● Exercise prompt:
Each entry should be set down again verbatim, with the images omitted.

● Material shown:

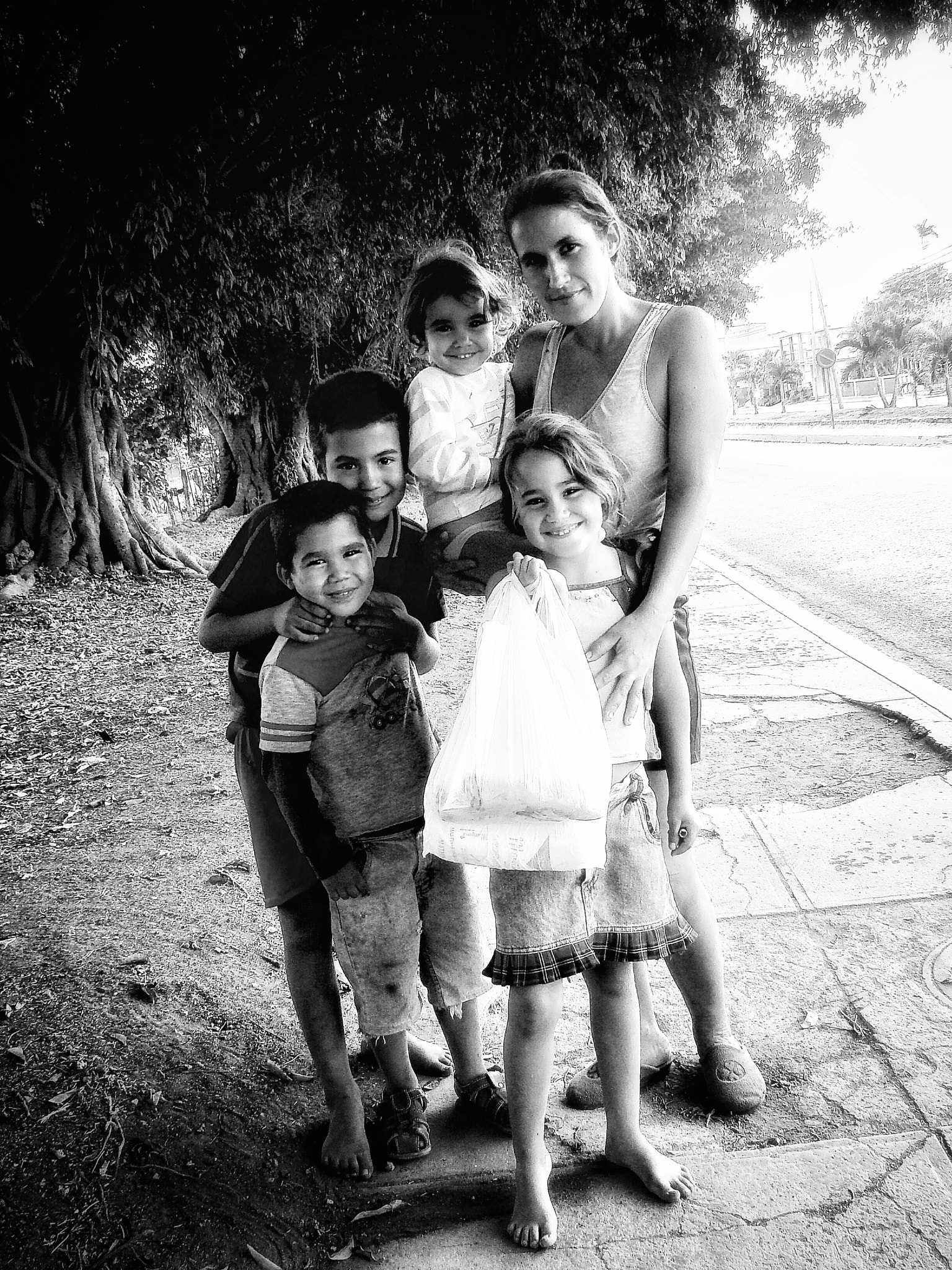 Sony DSC-H7 sample photo. Cuban family photography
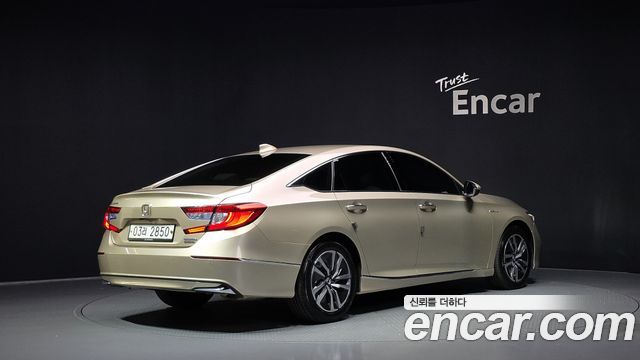 Honda Accord 2019 — photo 2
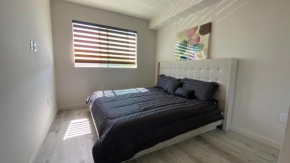 Gorgeous 2bd 2ba Hollywood Place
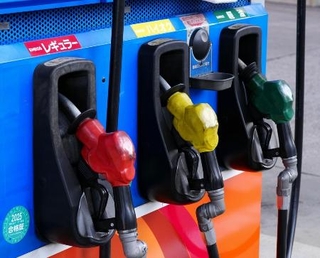 　ガソリンスタンドの給油ノズル＝東京都内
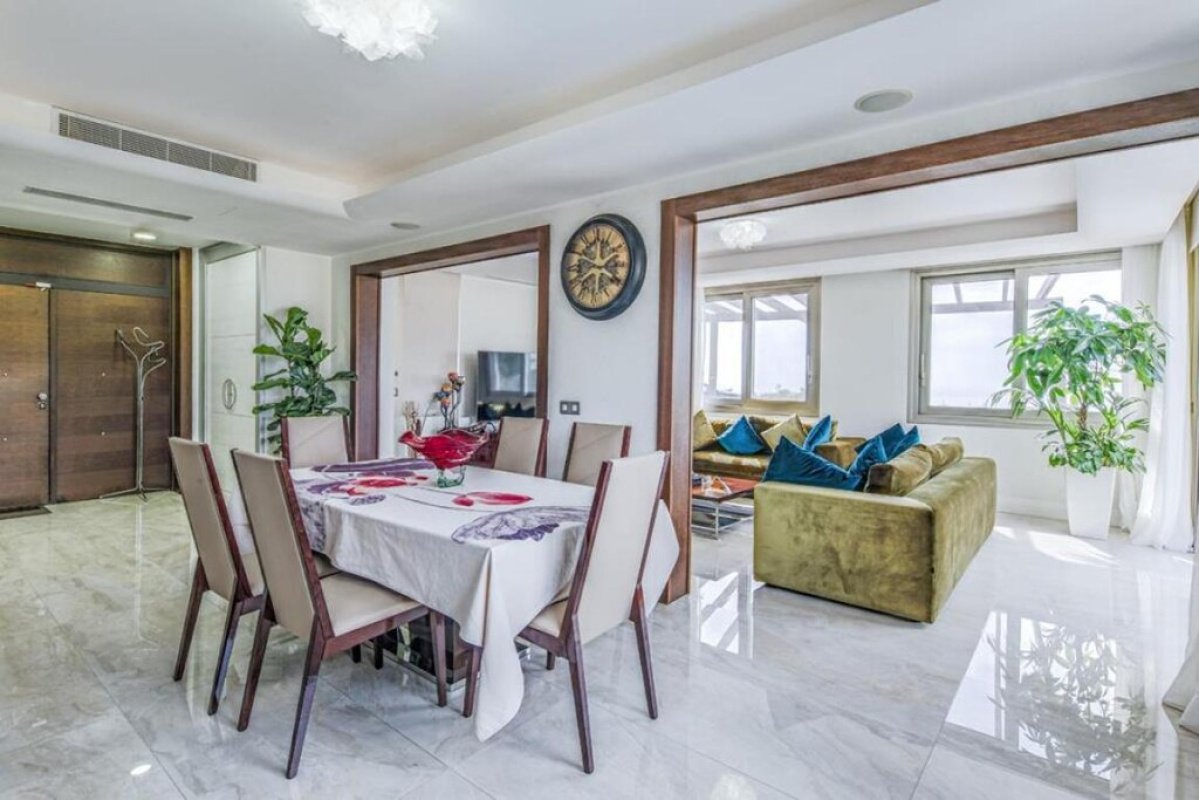 5 bedrooms Villa in Limassol, Cyprus No. 38882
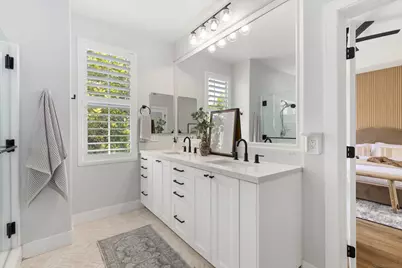  5353 Renaissance Ave, San Diego, CA 92122 - Photo 37
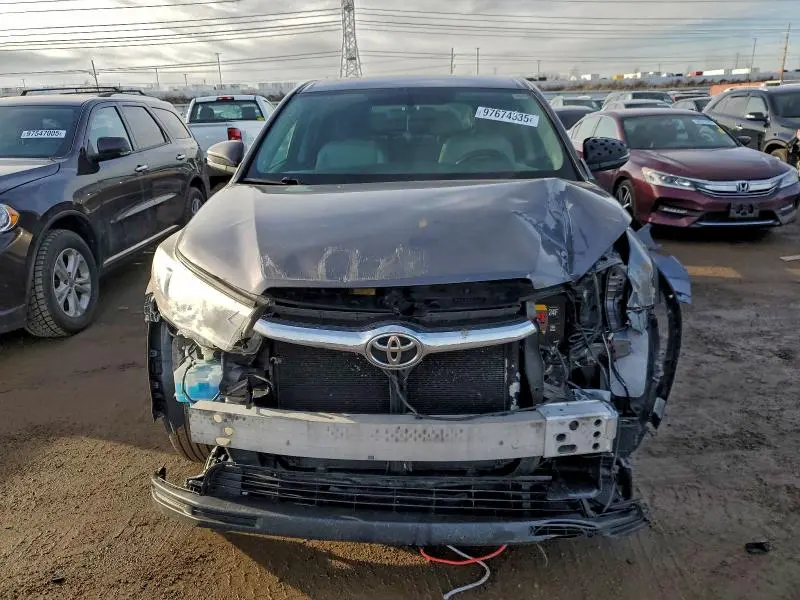 2016 TOYOTA HIGHLANDER LE  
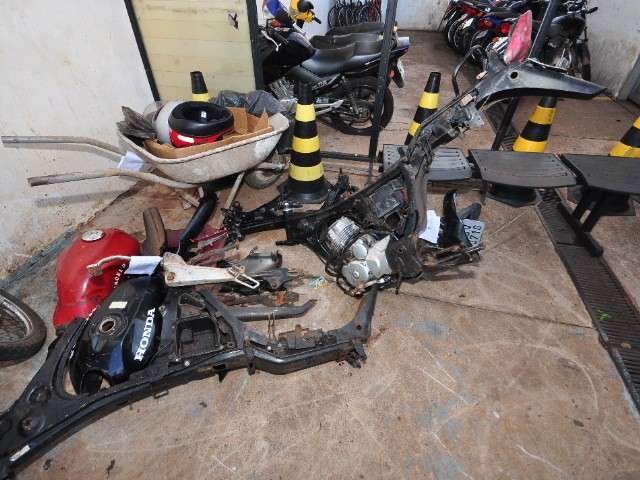 Casal &eacute; preso com motocicleta furtada de guarda municipal de Campo Grande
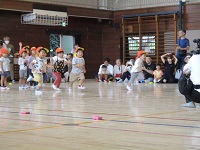 3歳児のかけっこの様子の写真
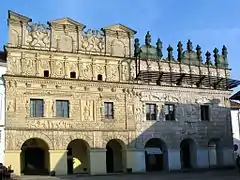 Town houses on the market square in Kazimierz Dolny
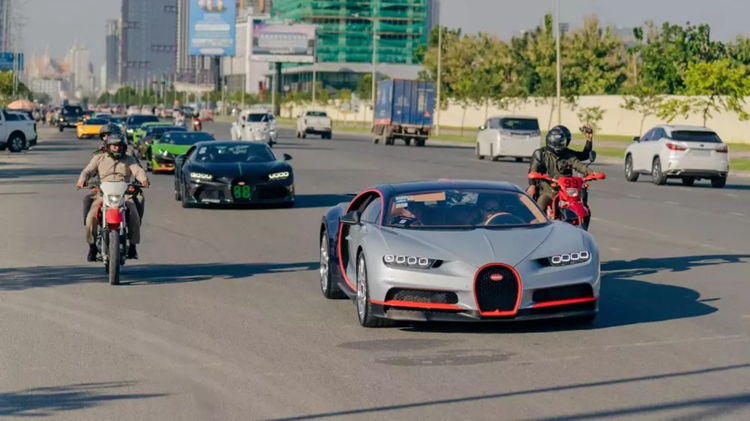 Nói về độ chịu chơi siêu xe của các đại gia ở Campuchia, có lẽ nhiều bạn trẻ mê xe ở nước ta không quá xa lạ, tuy nhiên, giới truyền thông châu Á và thế giới có thể chưa nắm bắt được, số lượng siêu xe của các đại gia ở xứ sở chùa tháp đã trên 300 chiếc, gần 20 xe mang biển số Campuchia thuộc dòng hypercar và megacar trong đó có Bugatti Chiron triệu đô. 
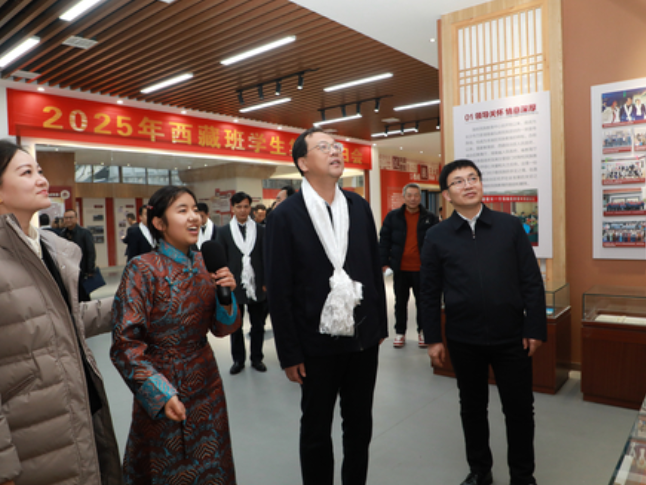 “湖南就是你们温暖的家” 高山一行到长沙望城一中看望慰问西藏班学生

● Solution:
 Sony DSC-H7 sample photo. Cuban family photography
 Honda Accord 2019 — photo 2
 Gorgeous 2bd 2ba Hollywood Place
 　ガソリンスタンドの給油ノズル＝東京都内
 5 bedrooms Villa in Limassol, Cyprus No. 38882
  5353 Renaissance Ave, San Diego, CA 92122 - Photo 37
 2016 TOYOTA HIGHLANDER LE  
 Casal &eacute; preso com motocicleta furtada de guarda municipal de Campo Grande
 3歳児のかけっこの様子の写真
 Town houses on the market square in Kazimierz Dolny
 Nói về độ chịu chơi siêu xe của các đại gia ở Campuchia, có lẽ nhiều bạn trẻ mê xe ở nước ta không quá xa lạ, tuy nhiên, giới truyền thông châu Á và thế giới có thể chưa nắm bắt được, số lượng siêu xe của các đại gia ở xứ sở chùa tháp đã trên 300 chiếc, gần 20 xe mang biển số Campuchia thuộc dòng hypercar và megacar trong đó có Bugatti Chiron triệu đô. 
 “湖南就是你们温暖的家” 高山一行到长沙望城一中看望慰问西藏班学生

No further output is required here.